Don Juan, Op.20
Vier letzte Lieder
Meinem Kinde, Op.37/3; Liebeshymnus, Op.32/3; Das Bächlein, Op.88/1; Ruhe, meine Seele, Op.27/1; Die heiligen drei Könige aus Morgenland, Op.56/6
Also sprach Zarathustra, Op.30
Renée Fleming (soprano)
The MET Orchestra
Reviewed by: Christopher Browner
Reviewed: 22 May, 2016
Venue: Stern Auditorium, Carnegie Hall, New York City
In this season-ending MET Orchestra concert, the second of three at Carnegie Hall, David Robertson led a Richard Strauss program with Renée Fleming. Robertson was called in to replace James Levine, recently announced as Music Director Emeritus of the Metropolitan Opera. Levine conducted the concert on May 19 as he will on May 26.
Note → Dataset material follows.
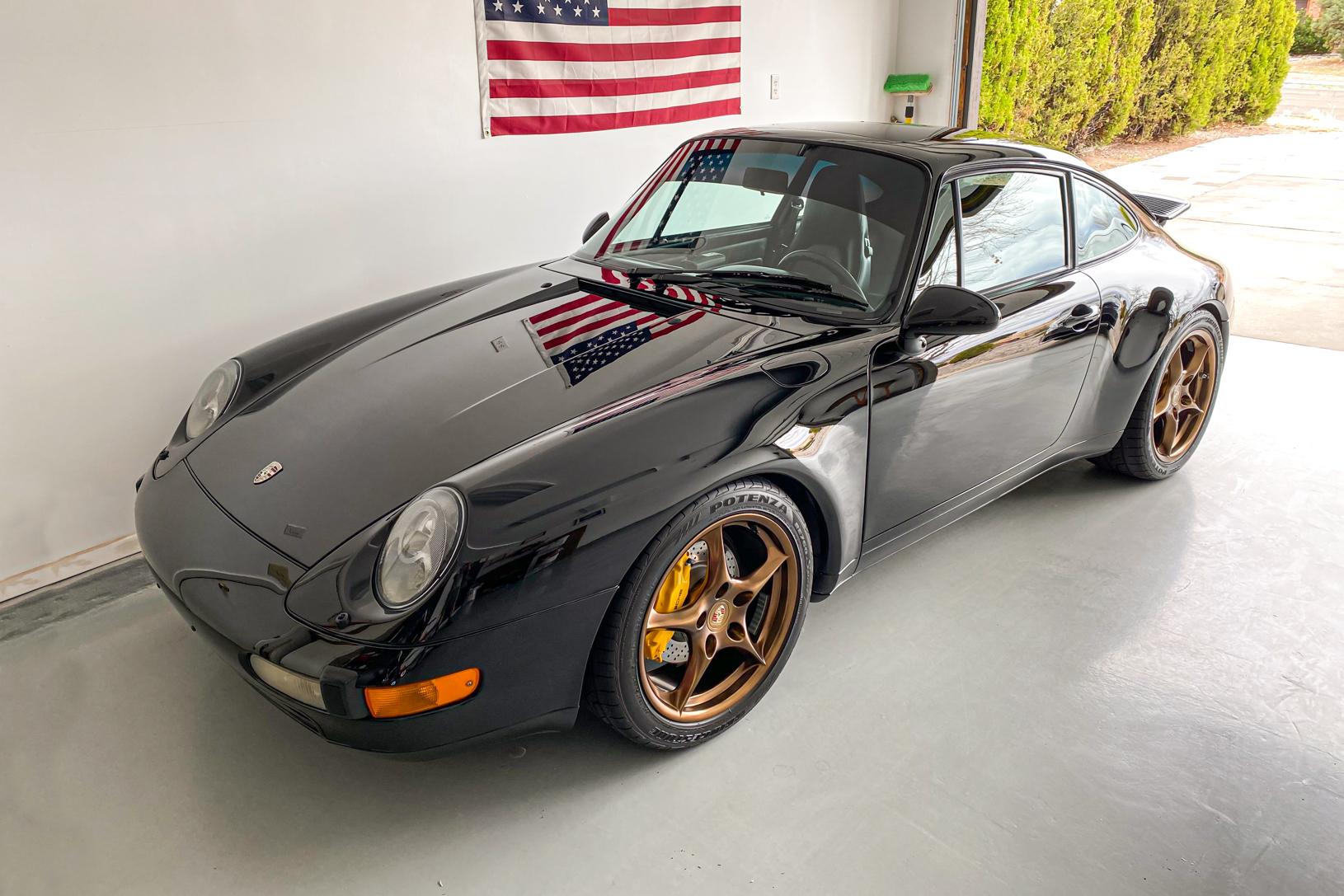 1997 Porsche 911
The core of this matinee belonged to Fleming, who debuted at the Met twenty-five years ago. Hers is a gauzy, metallic sound that shines brightly in the roles of Strauss’s operatic heroines. It is fitting then that next season, when she bids farewell to the stage, Fleming will deliver her final portrayals of the Marschallin in Der Rosenkavalier in New York and London.
On this Sunday afternoon, Fleming included the Four Last Songs. Her intimate connection to these settings was immediately evident: she sang with delicate polish and nuance. Time has taken its toll on her once-lustrous instrument, and top notes have begun to thin noticeably, but the lower end of her range has grown darker, adding especially affecting shading in the weightiest passages.
After intermission, Fleming offered five further Lieder from across Strauss’s output, ranging from the lullaby ‘Meinem Kinde’ to ‘Die heiligen drei Könige aus Morgenland’, a narration of the journey of the Three Magi to the home of the infant Christ. This was an eclectic mix that, while enjoyable, did not make for the most cohesive combination. As an encore Fleming closed with a rousing ‘Cäcilie’, which overflowed with winning charisma.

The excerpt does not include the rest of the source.